Honourable WR Teachers,
Greetings.
I have a very humble request to make. It is noticed that even some exceptionally great linguists on the English Only forum don't sometimes mark off or italicize the words that they are discussing or explaining in their posts. Most of the times it is easy to understand that they are explaining those words -- though, it might not be for some other learners -- but sometimes the sentences containing such words become confusing and make it hard for the learner to comprehend the concept and focus on it, at least in the first reading. I guess it happens mostly when the concept as well as the sentences are complex.  So would our honourable and beloved members please spare a few more moments and mark off such words? It would greatly help learners. I hope you oblige.

Thank you so much for your great teaching in the forum.  Had I found WR earlier, I would have gained high proficiency in English by now.

Thank you very much.
Emp


----------



## Loob

Can you give us an example of the sort of thing you're concerned about, Emp?


----------



## Englishmypassion

Thank you, Loob.

Umm, I'll have to make up one here. If I need to quote anonymous on a complex sentence, I'll do that later, after going through some threads.

Example:
Most numeral determiners, including some, work in this context. 

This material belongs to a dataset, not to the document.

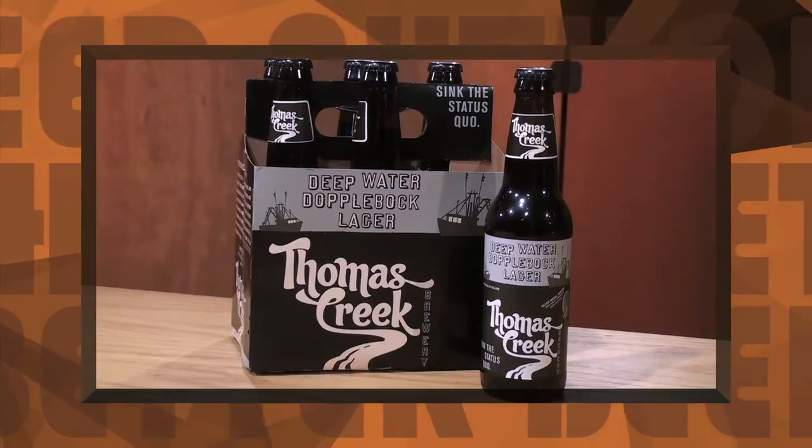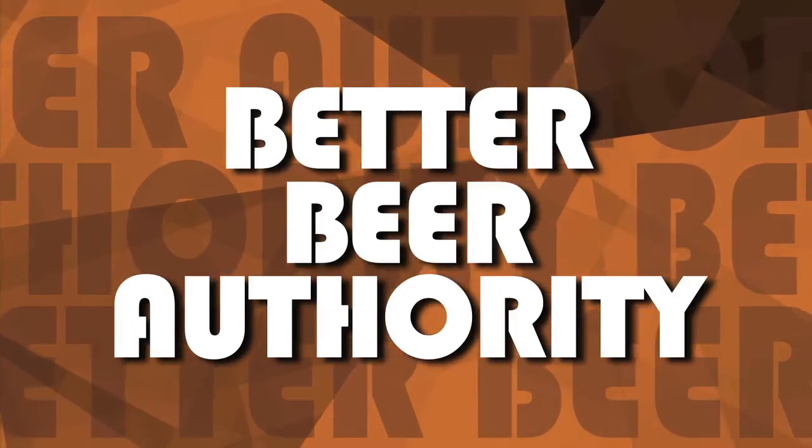On tap: Deepwater Doppelbock. Hi, I'm James Knott and this is your Better Beer Authority. Today, we are taking a trip down south and tasting Deepwater Doppelbock Lager from the Thomas Creek Brewery in Greenville, South Carolina.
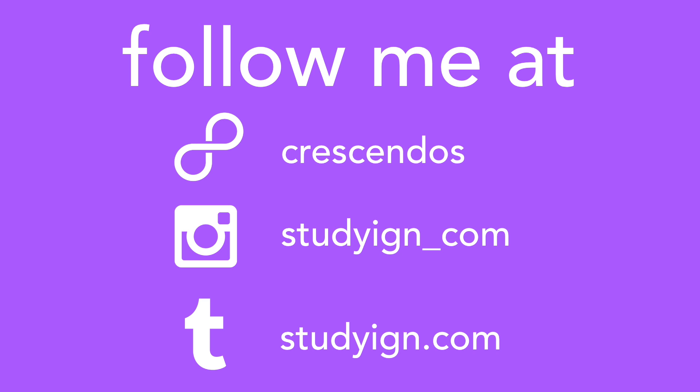I hope you guys found this video helpful! If you did, be sure to give it a thumbs up and subscribe to my channel — I post videos every Sunday, Wednesday, and Friday. Also be sure to check out my 8tracks, Instagram, and Tumblr accounts. Bye guys!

You know, the word "some" needs to be marked off in the preceding sentence:"some"/'some'/_some_. (I perasonally prefer inverted commas/quote marks to italics in such cases because they are easier to notice as well as to use.)


----------



## ewie

I sympathize and agree with you, Honourable EMP

(At the risk of hijacking your thread, I also wish native speakers were more diligent in *proofreading* their own posts, rather than sending them out into the world with very basic but potentially catastrophic blunders e.g. [made up, combining your beef with mine] "There's no doubting that if it's the best word here though you could also use whether."  Learners must unnecessarily spend hours puzzling over things like this)


----------



## Englishmypassion

ewie said:


> I sympathize and agree with you, Honourable EMP
> (At the risk of hijacking your thread, I also wish native speakers were more diligent in *proofreading* their own posts, rather than sending them out into the world with very basic but potentially catastrophic blunders
> ... Learners must unnecessarily spend hours puzzling over things like this)

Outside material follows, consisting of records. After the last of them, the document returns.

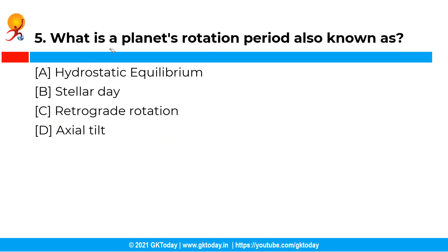Moving ahead: what is a planet's rotation period also known as? The correct answer is option B, that is stellar day. All planets rotate around an invisible axis and their rotation period is also called a stellar day.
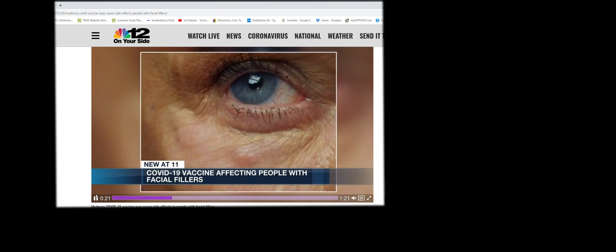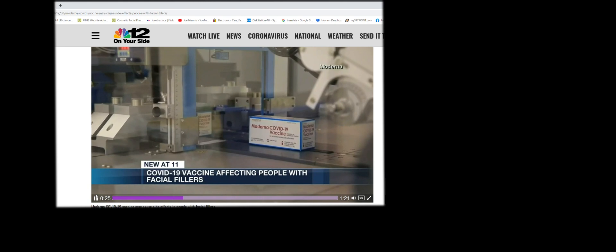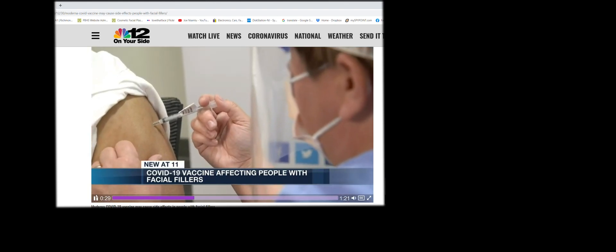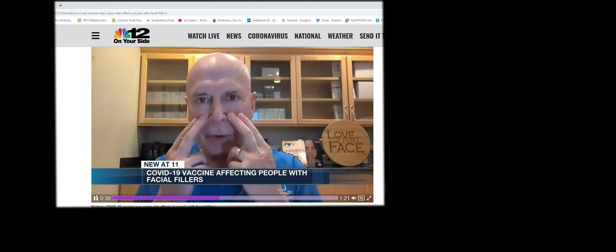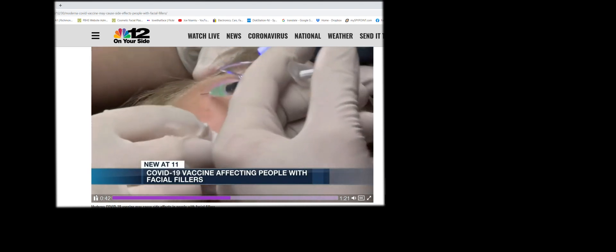This swelling in the face for those who have had facial fillers after receiving the Moderna COVID-19 vaccine does not appear to be a threatening situation. We see these granulomas, or these late-growing areas of hardness. We see them commonly with other things, and some people are just allergic to filler, too.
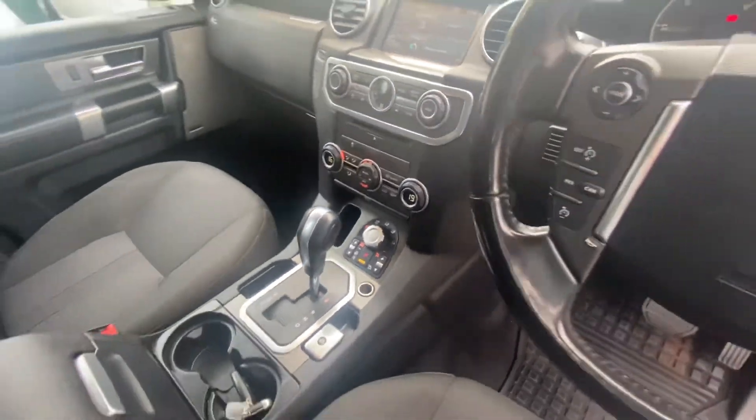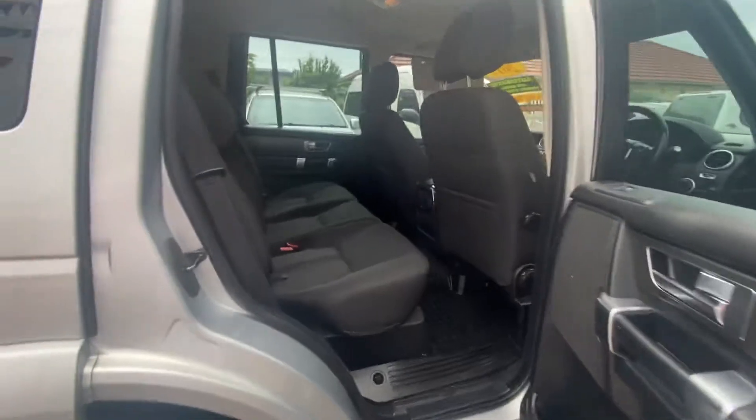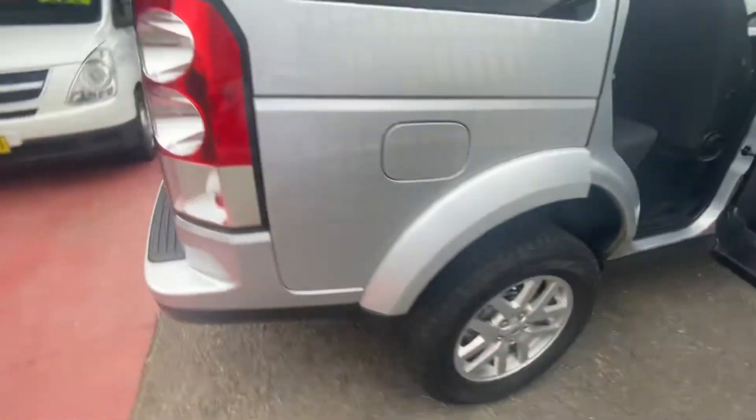Dual zone climate, air suspension, it's got red art trailer brakes, this is a five seat model with plenty of room inside the back for the family, rear air vents, alloy wheels.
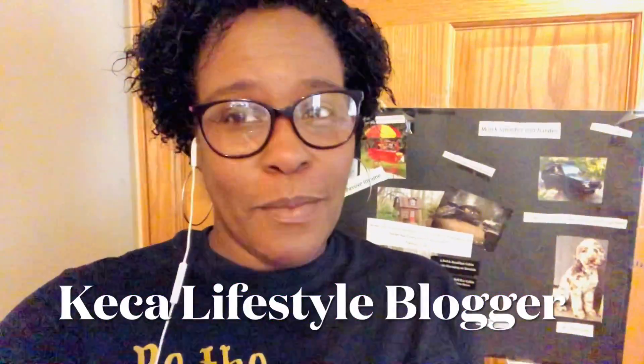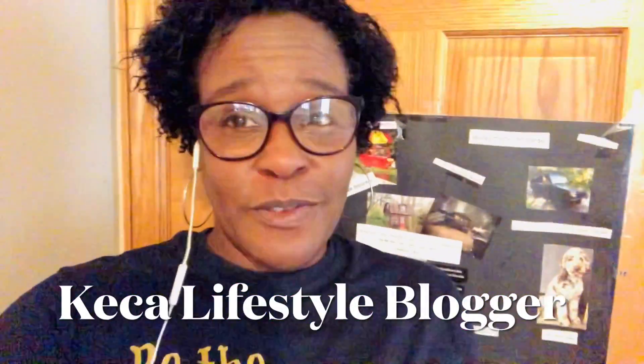Hey you guys, it's Kika, your lifestyle blogger, doing a quick video just to give you a little bit of an update on what's happening with the second cabin. It has been a whirlwind of ups and downs trying to get this cabin on the land. I want to warn you guys — anybody that is looking to put a mobile home on your land and use it for a cabin, there are some ups and downs that you're going to go through.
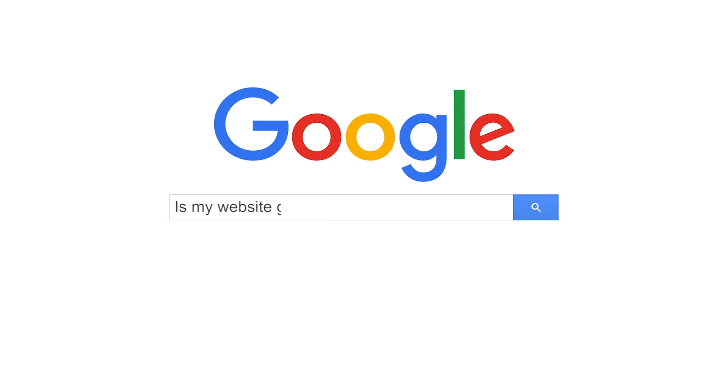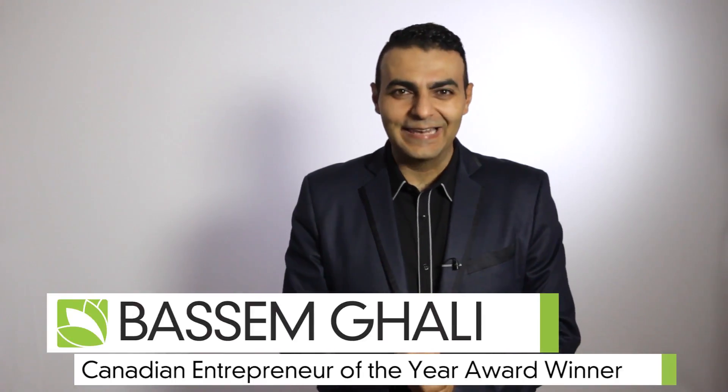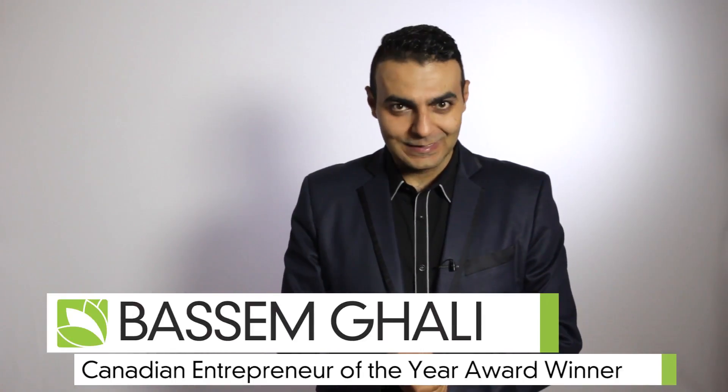How do you know if your website is in good shape to rank on the first page of Google? And what kind of issues are stopping you from doing just that? There are a few types of issues on your website that might be hindering your ranking. Hi, I'm Basim Ghali, founder of Green Lotus.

Thanks a lot, ewie. But I'm just a very humble learner. 
You've made a very valid point. I wholeheartedly agree with you. And you've given an excellent example.


----------



## Loob

I agree that there may be a problem here.  But how do you suggest we resolve the problem, Emp?


----------



## Englishmypassion

Umm, I hardly ever have solutions, only problems. But I think the following can solve the problem: 
1. I hope most of the honourable members who answer questions regularly will read this thread and keep the request in mind while answering. I am very sure they all want to give their best to help learners. Hence, my posting this thread here.
2. Those who read this thread can convey the message to everybody in the forum by having a signatue like "Please never forget to mark off words being discussed. It helps learners/us to easily understand what you mean." 
(3. Those who answer questions regularly can be sent personal messages, by moderators, I guess, requesting them to keep that in mind. Or can moderators do it using some other method?) 
I am not sure how practical the third one is.


Thank you.


----------



## Dan2

Thanks for bringing this up, EMP.  Failing to set off words that are under discussion is something I see a lot and can make posts much more difficult to follow than they would otherwise be.  (For ex., "Is it important to include here?" in place of "Is 'it' important to include here?" or "Is it important to include 'here'?".)

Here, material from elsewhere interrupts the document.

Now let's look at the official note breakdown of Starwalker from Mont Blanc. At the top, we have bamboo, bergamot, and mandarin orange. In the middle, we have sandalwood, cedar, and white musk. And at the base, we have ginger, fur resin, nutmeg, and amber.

I think moderators should step in, make the necessary corrections (just as they do, for ex., in the case of failure to capitalize or of "SMS-speak"), and say "Please properly set off words under discussion."  I've been mod-corrected for using the extremely common abbreviation "OTOH"; surely the failure to "set off" is at least as serious.


----------



## Englishmypassion

You are welcome, Dan2. I fully agree with you. The examples you have given are really great. I hope most active members read this thread. 
Thanks.


----------